By Sherwood Ross -
“As long as the $1.2-trillion annual budget for the military-security complex is off limits (to cutting), nothing can be done about the US budget deficit except to renege on obligations to the elderly, confiscate private assets or print enough money to inflate away all debts,” Paul Craig Roberts, former Assistant Treasury Secretary under President Reagan warns.
In an article titled “Stealing from Social Security to Pay for Wars and Bailouts,” published in the April issue of the “Rock Creek Free Press” of Washington, D.C., Roberts says that Republicans are calling Social Security and Medicare “entitlements”---making them sound like welfare---when, in fact, workers over their lifetimes have contributed 15 percent of all their earnings to the payroll tax that funds these benefits and have every right to them.
And far from Social Security being in the red, between 1984 and 2009, Roberts writes, “the American people contributed $2-trillion...more to Social Security and Medicare in payroll taxes than was paid out in benefits” but “the government stole” that sum to fund wars and pork-barrel projects!

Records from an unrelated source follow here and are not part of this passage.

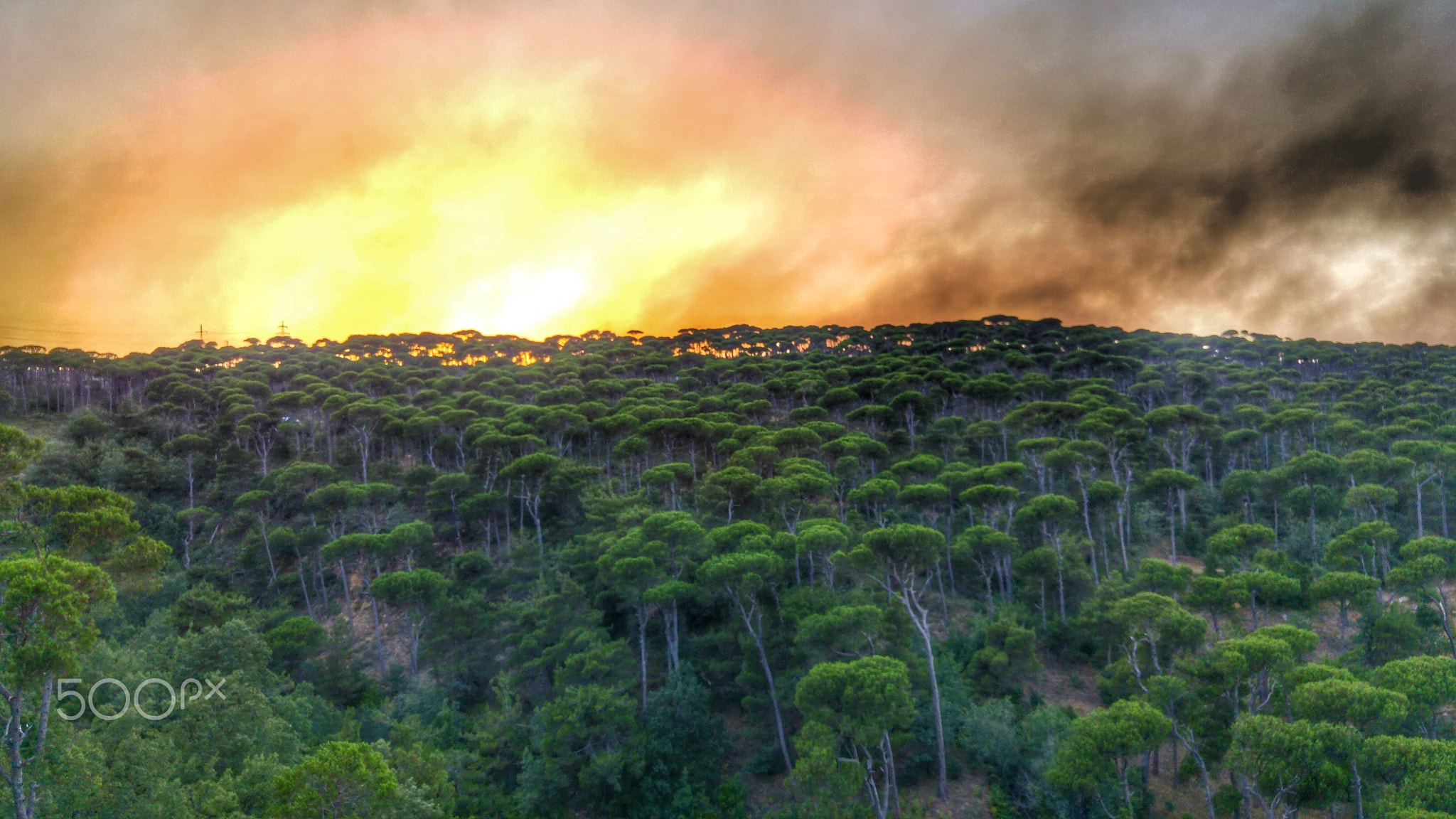 Libano | Jezzine é unha cidade sobre un promontorio rochoso  - Jezzin | Secret World Trip Planner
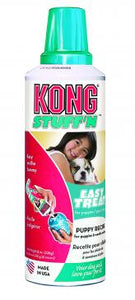KONG Easy Treat Paste Puppy Treat Chicken Liver 8 oz - Image 2
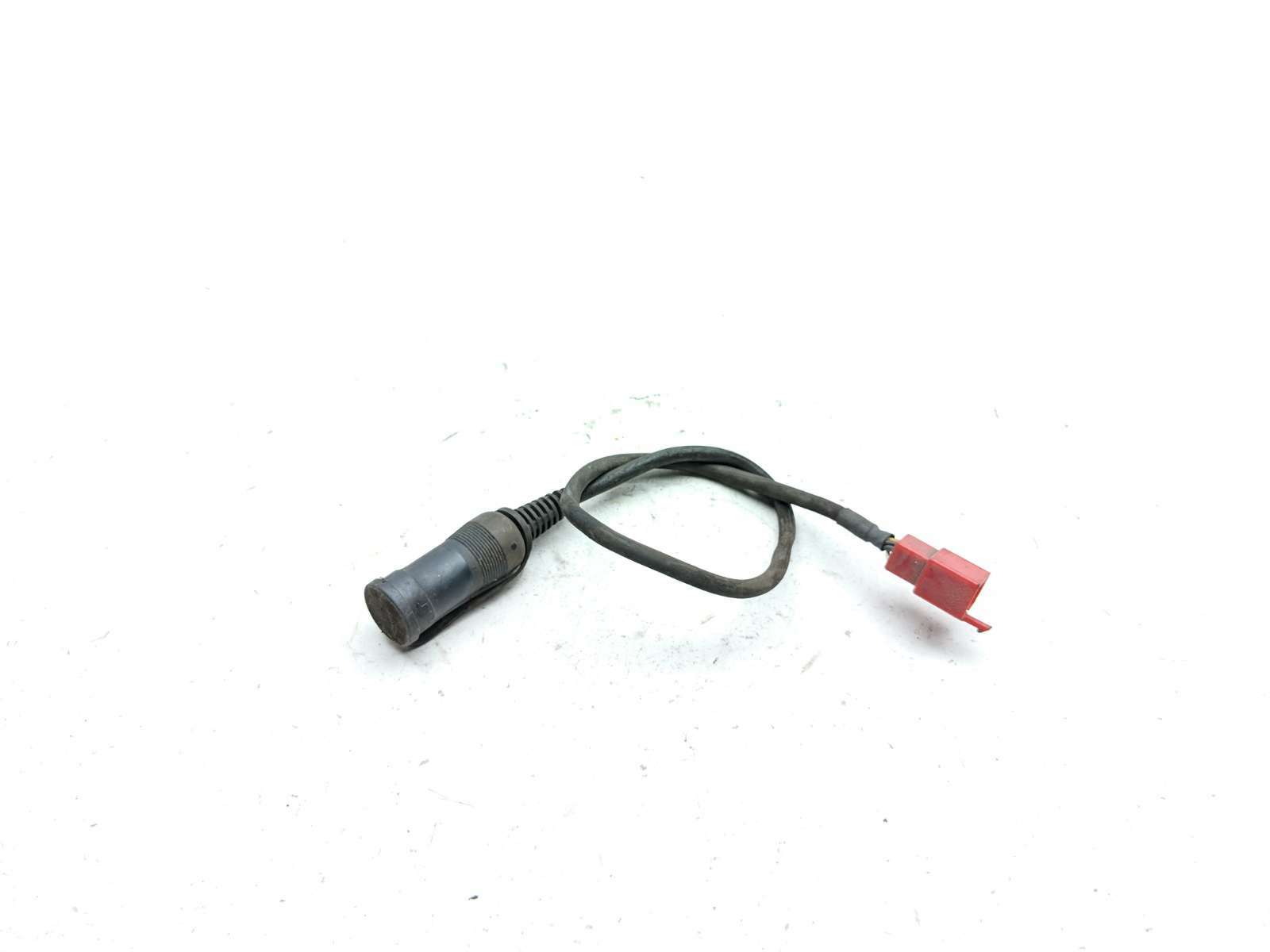 03 Honda Goldwing GL 1800 Audio Plug-In Relay Harness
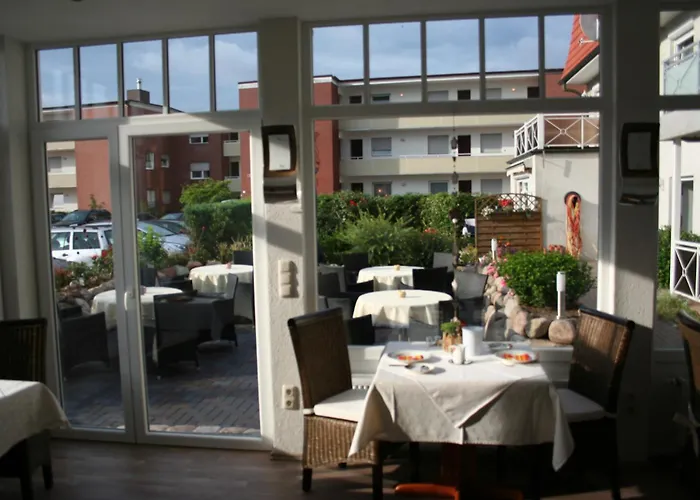 Hotel Villa Undine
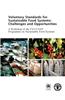 Voluntary Standards for Sustainable Food Systems: Challenges and Opportunities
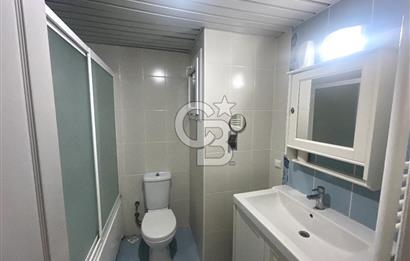 BAYRAKLI KÖRFEZ EVLERİ BAHÇE KATI GENİŞ 3+1 SATILIK DAİRE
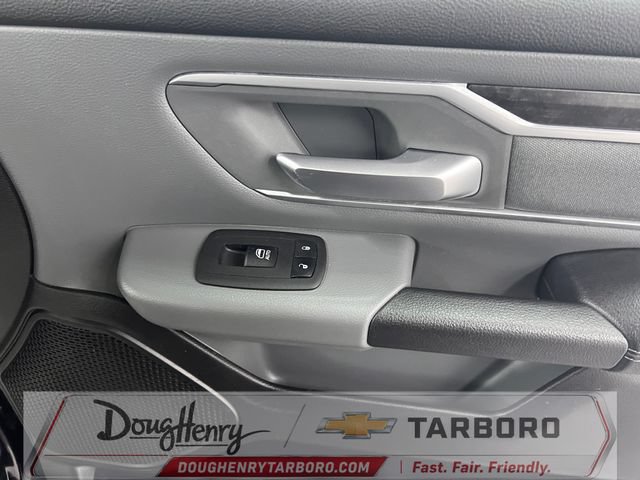 Used 2023 RAM 1500 Big Horn AWD/4WD image 36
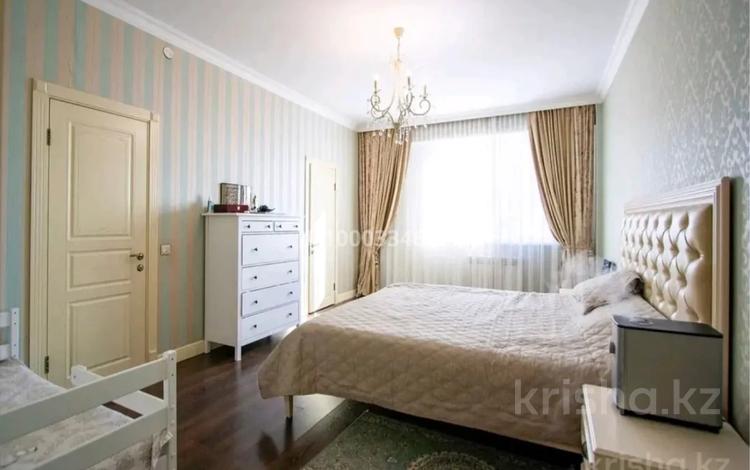 4-комнатная квартира · 126 м² · 10/13 этаж, мкр Коктем-2, Минина 24 — Бухар жырау- маркова за 116 млн 〒 в Алматы, Бостандыкский р-н — фото 3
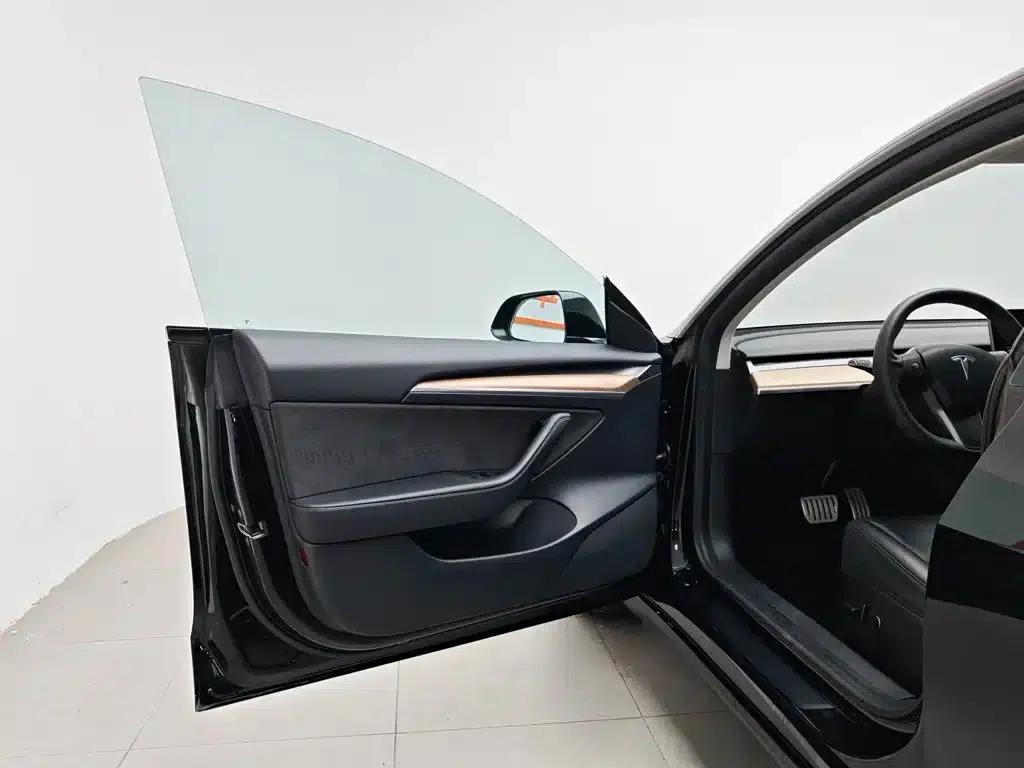 Model 3 2021 Performance All-Wheel Drive — миниатюра 8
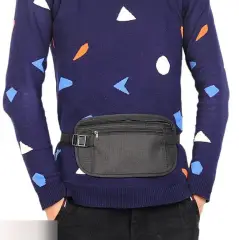 Сумка поясная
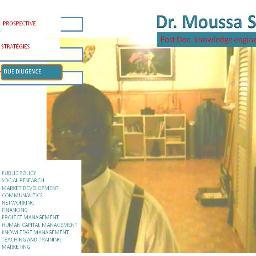 Dr_Kaltz's profile picture. Communication Expert and market developer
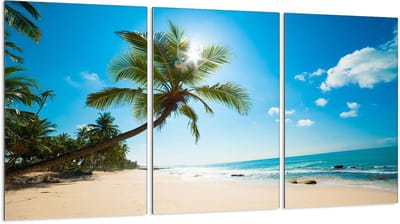 TMK ArtDeko - Snijplank - 30x52 cm - Glas - Veilig en multifunctioneel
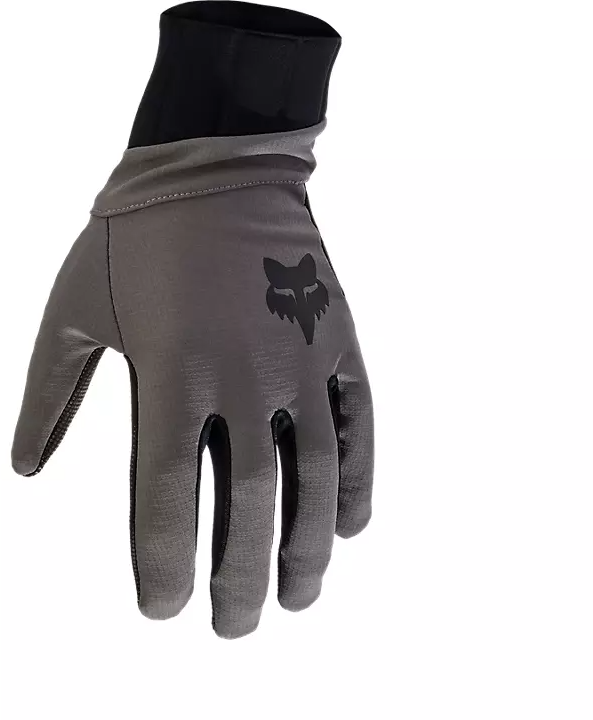 Fox racing 31474 099l guantes mtb defend fire low profile invierno ve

What's more, under one realistic estimate, far from crashing into the red, “Social Security(OASDI) will have produced surplus revenues of $31.6-trillion by 2085, Roberts says.
Americans, apparently, are unaware of how the federal government's illegal, foreign wars sap the economy and rob every household. The Iraq war cost alone is 20 percent of the size of last year's entire U.S. economy. Instead of investing that sum at home, “which would have produced income and jobs growth and solvency for state and local governments, the US government wasted the equivalent of 20% of the economy in 2010 in blowing up infrastructure and people in foreign lands,” Roberts says.
“The US government spent a huge sum of money committing war crimes, while millions of Americans were thrown out of their jobs and foreclosed out of their homes,” he added. Viewed another way, the Pentagon continues to expand and put people to work to modernize its 700-800 bases abroad in order to dominate every corner of the globe while public works and public employment in America are going into the toilet.
“When short-term and long-term discouraged workers are added ...the US has an unemployment rate of 22%,” Robert says. A country with that large a percentage out of work “has a shrunken tax base and feeble consumer purchasing power.”
The U.S. media, he claims, is only reporting one-third of the real cost of the wars, leaving out the sums needed for “lifelong care for the wounded and maimed, the cost of lifelong military pensions of those who fought in the wars, the replacement costs of the destroyed equipment, the opportunity cost of the resources wasted in war, and other costs.”